L’invasion de l’Ukraine par Vladimir Poutine n’est pas tombée du ciel, elle est la conséquence d’une réécriture de l’histoire organisée par le tyran depuis des années. Lorsqu’il justifie l’invasion en disant que l’« opération militaire spéciale » est une entreprise de « dénazification » afin de « protéger les personnes qui ont été soumises à des abus, à un génocide par le régime de Kiev », ses propos relèvent de la rhétorique de « l’effet miroir » qui consiste à accuser ses adversaires de ses propres vilenies.

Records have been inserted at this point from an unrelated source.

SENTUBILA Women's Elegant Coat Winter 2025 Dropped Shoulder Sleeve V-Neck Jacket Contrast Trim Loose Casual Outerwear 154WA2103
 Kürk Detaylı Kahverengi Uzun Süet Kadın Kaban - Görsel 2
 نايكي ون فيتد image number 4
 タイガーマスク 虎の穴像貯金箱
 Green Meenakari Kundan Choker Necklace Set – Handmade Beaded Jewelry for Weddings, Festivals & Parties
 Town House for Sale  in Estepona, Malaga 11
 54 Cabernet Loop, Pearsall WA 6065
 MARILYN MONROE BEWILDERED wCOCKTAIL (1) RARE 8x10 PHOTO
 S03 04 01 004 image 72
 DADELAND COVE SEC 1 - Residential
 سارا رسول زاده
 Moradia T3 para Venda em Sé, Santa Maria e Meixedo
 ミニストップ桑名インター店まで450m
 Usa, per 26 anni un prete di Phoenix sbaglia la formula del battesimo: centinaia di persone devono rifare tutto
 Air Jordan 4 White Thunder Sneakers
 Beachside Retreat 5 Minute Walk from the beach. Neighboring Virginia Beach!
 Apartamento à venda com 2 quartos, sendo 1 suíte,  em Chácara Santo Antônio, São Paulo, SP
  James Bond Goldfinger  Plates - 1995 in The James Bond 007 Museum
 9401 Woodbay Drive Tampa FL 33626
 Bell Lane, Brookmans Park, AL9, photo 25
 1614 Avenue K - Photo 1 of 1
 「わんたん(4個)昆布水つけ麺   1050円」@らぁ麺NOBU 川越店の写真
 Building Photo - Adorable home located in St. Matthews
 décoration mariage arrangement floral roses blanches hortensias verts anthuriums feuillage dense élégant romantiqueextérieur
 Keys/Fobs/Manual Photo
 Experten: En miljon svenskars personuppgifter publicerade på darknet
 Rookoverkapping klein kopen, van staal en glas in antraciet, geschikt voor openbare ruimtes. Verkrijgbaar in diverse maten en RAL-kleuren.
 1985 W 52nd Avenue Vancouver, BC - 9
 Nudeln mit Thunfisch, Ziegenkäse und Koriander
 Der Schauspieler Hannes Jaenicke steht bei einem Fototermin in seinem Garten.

Le discours de Poutine est une belle illustration de ce qu’on appelle la post-vérité, prisée par les régimes autoritaires. Elle consiste à ne pas juger un discours en fonction de son exactitude ou de son adéquation aux faits, mais de l’effet qu’il suscite chez ses auditeurs. L’histoire n’est plus une science humaine, elle relève de la propagande. L’entreprise est efficace à court terme et nous voyons une grande partie de la population russe adhérer à cette grille de lecture au nom du principe de la mémoire paresseuse.
Résister à la post-vérité
Quand Poutine accuse Kiev de génocide, son propos fait écho à un contentieux sur le regard porté sur la période stalinienne et sur l’Holodomor, la famine orchestrée en Ukraine par Staline, qui a fait 4 millions de victimes entre 1932 et 1933. En 2006, le Parlement ukrainien l’a officiellement qualifié de « génocide » pour marquer la nouvelle identité ukrainienne postsoviétique. Cette qualification a été dénoncée et rejetée par la Russie, qui l’a considérée comme une provocation. Poutine retourne l’accusation contre Kiev en l’accusant de génocide, alors que c’est lui qui est prêt à répéter l’histoire en bombardant les infrastructures civiles dans le but d’affamer les Ukrainiens et de les faire mourir de froid. Il serait arrivé à ses fins sans le soutien des pays occidentaux à l’Ukraine. Nous ne sommes plus dans les années 1930, les médias et l’opinion publique peuvent résister à la post-vérité.
Lorsqu’en décembre dernier, le Parlement européen a reconnu l’Holodomor comme génocide, il a reconnu une vérité historique et posé un acte politique. La vérité est fragile, mais Jésus a déclaré qu’elle rendait libre (Jn 8, 32). Il a ajouté à destination de tous ceux qui cherchent à la reconfigurer au service de leur idéologie : « Il n’y a rien de voilé qui ne doive être révélé, rien de caché qui ne doive être connu » (Mt 10, 26).